Jonathan Buick, Idaho Champion’s CEO, commented: “We welcome Mr. Pindar to the board and we look forward to unlocking shareholder value in the electric metals space. The Company is well supported by seasoned mining executives that have proven success with well known lithium assets.”
Additionally, Idaho Champion announces that it has closed a private placement offering. Mr. Pindar as well a director of the Company have subscribed for total proceedss of C$1.24 million at $0.08 representing 15,500,000 Common Shares of the Company. The participation by the director of the Company in the financing constitutes a “related party transaction” pursuant to Multilateral Instrument 61-101 Protection of Minority Security Holders in Special Transactions (“MI 61-101”). The Company intends to rely on the exemptions from the formal valuation and minority shareholder approval requirements of MI 61-101 contained in Section 5.5(b) and Section 5.7(1)(b) of MI 61-101, respectively, on the basis that (i) no securities of the Company are listed or quoted on any of the markets specified in Section 5.5(b) of MI 61-101 and (ii) the fair market value of the securities issued to related parties pursuant to the financing does not exceed $2,500,000, along with the other applicable circumstances contained in section 5.7(1)(b) of MI 61-101.
In accordance with applicable Canadian securities laws, all securities issued pursuant to the private placement with be legended with a hold period of four months and one day from the date of issuance.
About Idaho Champion Gold Mines Inc.
Idaho Champion is a discovery-focused exploration company that is committed to advancing its highly prospective lithium projects in Quebec, Canada and cobalt projects in Idaho, United States.
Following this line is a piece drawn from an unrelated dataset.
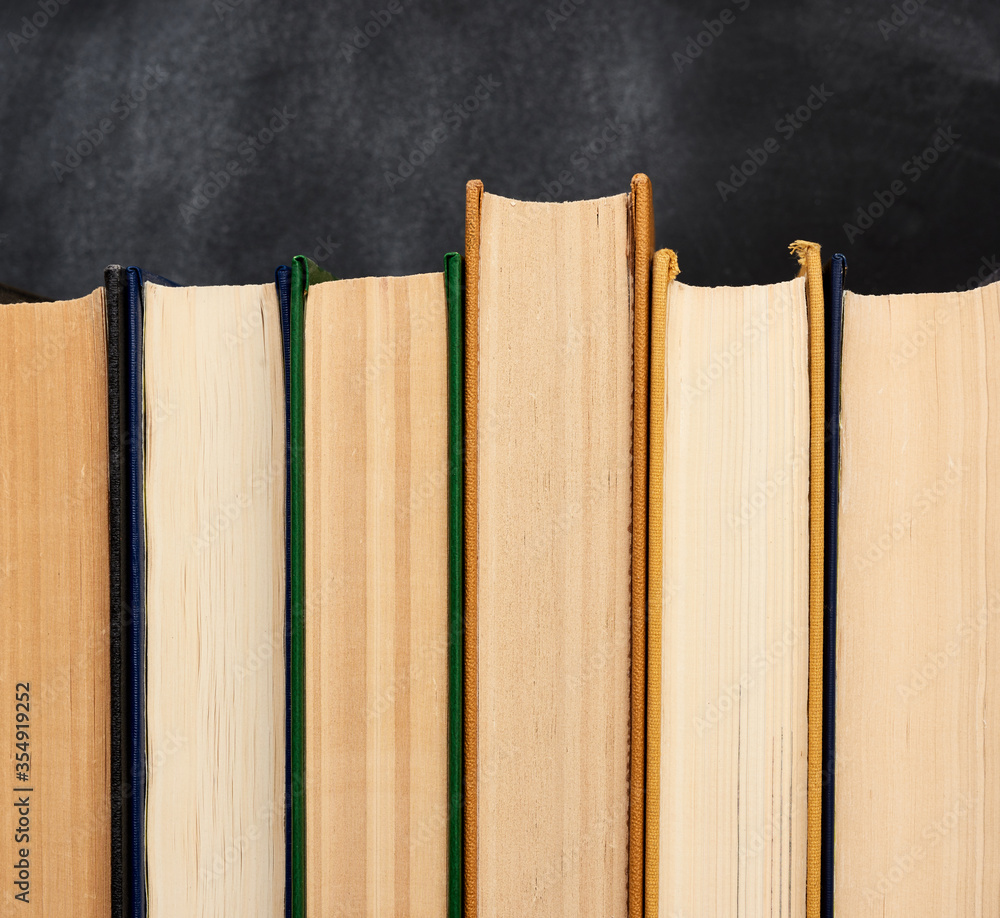 Aufkleber stack of various books on the background of an empty black chalk board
The Company’s shares trade on the CSE under the trading symbol “ITKO”, on the OTCQB under the trading symbol “GLDRF”, and on the Frankfurt Stock Exchange under the symbol “1QB1”. In addition, the Company owns the Baner gold project in Idaho County and the Champagne polymetallic project located in Butte County near Arco.
Idaho Champion takes its social license seriously, employing local community members and service providers at its operations whenever possible.
ON BEHALF OF THE BOARD,
Jonathan Buick, President and CEO
For further information, please visit the Company’s SEDAR profile at www.sedar.com or the Company’s corporate website at www.idahochamp.com.
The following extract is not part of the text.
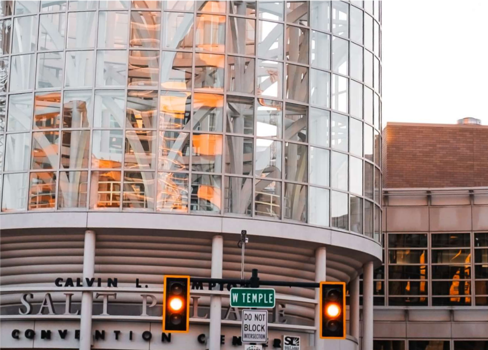 A traffic light sits in front The Salt Palace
For further information, please contact:
Nicholas Konkin, Marketing and Communications
Phone: (416) 567- 9087
THIS PRESS RELEASE DOES NOT CONSTITUTE AN OFFER TO SELL OR THE SOLICITATION OF AN OFFER TO BUY ANY SECURITIES IN ANY JURISDICTION, NOR SHALL THERE BE ANY OFFER, SALE, OR SOLICITATION OF SECURITIES IN ANY STATE IN THE UNITED STATES IN WHICH SUCH OFFER, SALE, OR SOLICITATION WOULD BE UNLAWFUL.
Neither the Canadian Securities Exchange nor its regulation services provider has reviewed or accepted responsibility for the adequacy or accuracy of this press release This press release may include forward-looking information within the meaning of Canadian securities legislation, concerning the business of the Company. Forward-looking information is based on certain key expectations and assumptions made by the management of the Company, including suggested strike extension. Although the Company believes that the expectations and assumptions on which such forward-looking information is based on are reasonable, undue reliance should not be placed on the forward-looking information because the Company can give no assurance that they will prove to be correct. Forward-looking statements contained in this press release are made as of the date of this press release. The Company disclaims any intent or obligation to update publicly any forward-looking information, whether as a result of new information, future events or results or otherwise, other than as required by applicable securities laws.